- Author: Yingjie Hu
- Email: [email protected]
This project provides some of the codes for extracting local place names from geotagged housing posts. The housing advertisements are posted on Craigslist, a local-oriented website. More details about this project can be found in the following paper:
Hu, Y., Mao, H. and McKenzie, G., 2018. A natural language processing and geospatial clustering framework for harvesting local place names from geotagged housing advertisements. International Journal of Geographical Information Science, 33(4), 714-738. http://www.acsu.buffalo.edu/~yhu42/papers/2018_IJGIS_LocalName.pdf
Please feel free to re-use the code here for your own projects. If you use the code or data, we would appreciate if you could cite our paper above. Thank you!
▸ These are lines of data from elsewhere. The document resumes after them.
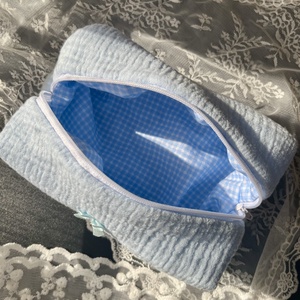 'Luna' Beauty Case pamut neszesszer masnival és kockás béléssel - táska & tok - neszesszer - Meska.hu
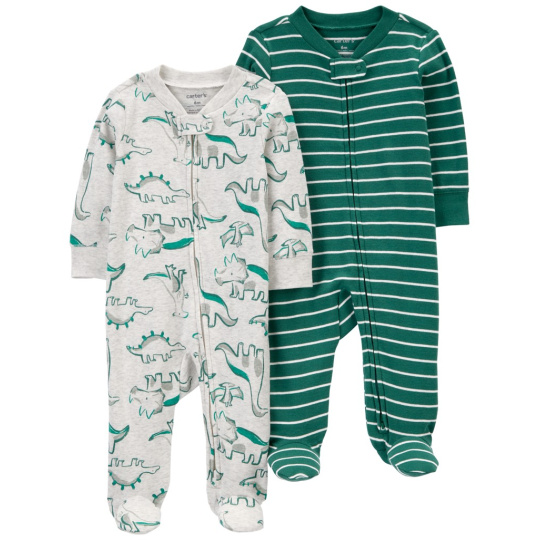 CARTER'S Overal na zip Sleep&Play Green Dino/Stripe kluk 2ks 9m/vel. 74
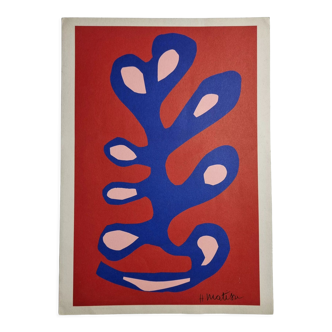 Palme bleue sur fond rouge, Canson 1981, 29 cm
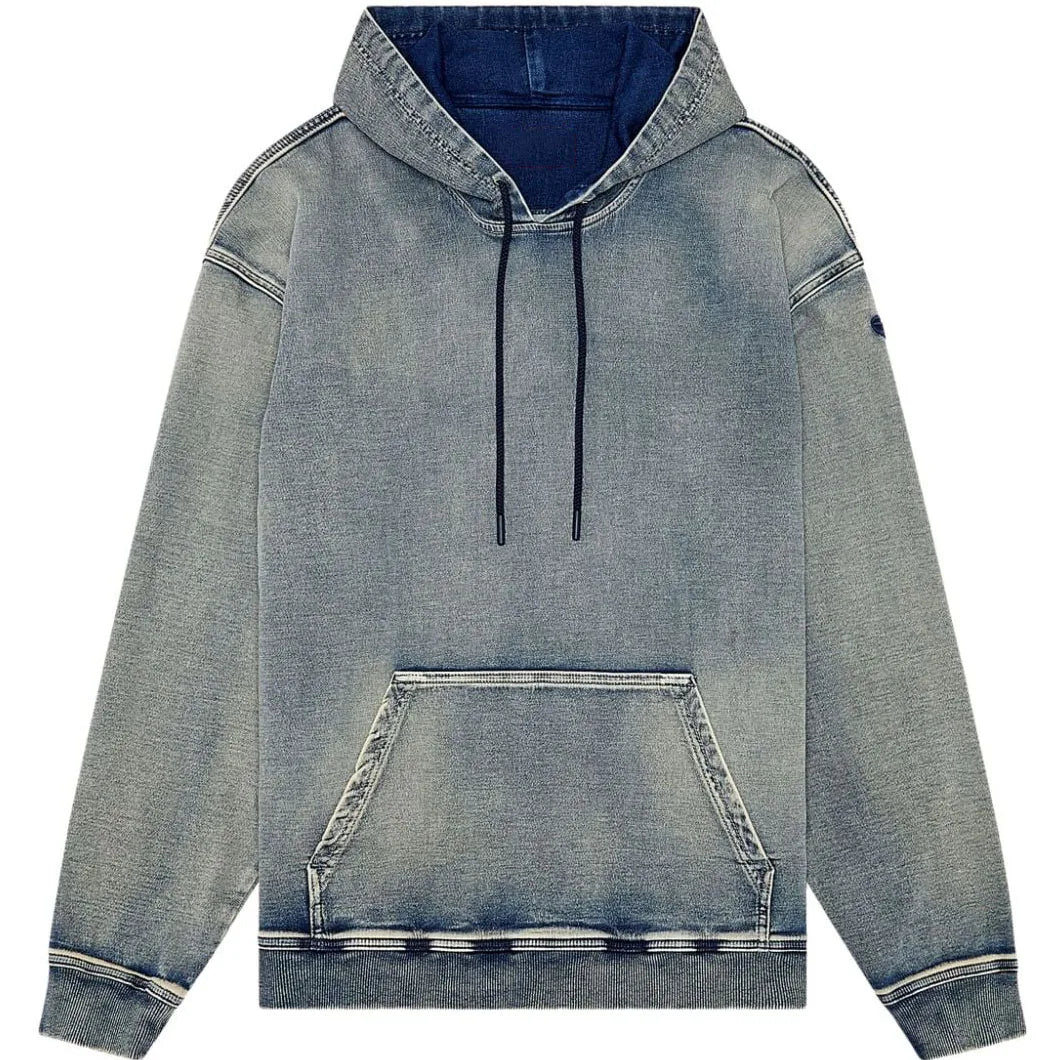 Men's 100% Cotton Oversized Pullover Hoodie with Pockets Luxury Design Heavyweight Acid Washed Fabric Printed Pattern ODM Supply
This study uses the geotagged housing advertisements in six different US cities. The figure below shows these cities and the general two-stage framework developed for harvesting local place names.
-
The folder "ScaleStructureIdentification" provides the source code and the compiled version (in the "Release" folder) of the modified SSI algorithm. To use the compiled SSI, open a terminal and use the following command line: "java -jar SSI.jar SSI_Input.csv 0.17" where "SSI_Input.csv" is the input file (which contains place names and their associated coordinates) and "0.17" is the maximum distance of a study area in degrees (i.e., latitude and longitude degree). The output includes the ranked place names and four versions (one original and three modified) of SSI based on their coordinates (see the paper).
-
The folder "DBpediaSpotlight" contains the source code of applying DBpedia Spotlight to housing advertisement data. You may need to install your own DBpedia Spotlight, and you can find more details here: https://github.com/dbpedia-spotlight/dbpedia-spotlight/wiki/Run-from-a-JAR
-
The folder "OpenCalais" contains the source code of using the OpenCalais API to extract place names from housing advertisement texts.
-
The folder "libs" contains the necessary jar files in order to configure and run the source code of this project.
-
The folder "Data" contains 120 randomly selected housing advertisements (with 20 from each of the six cities) used for testing the performance of our method. This folder also contains the ground-truth annotations from three different human annotators.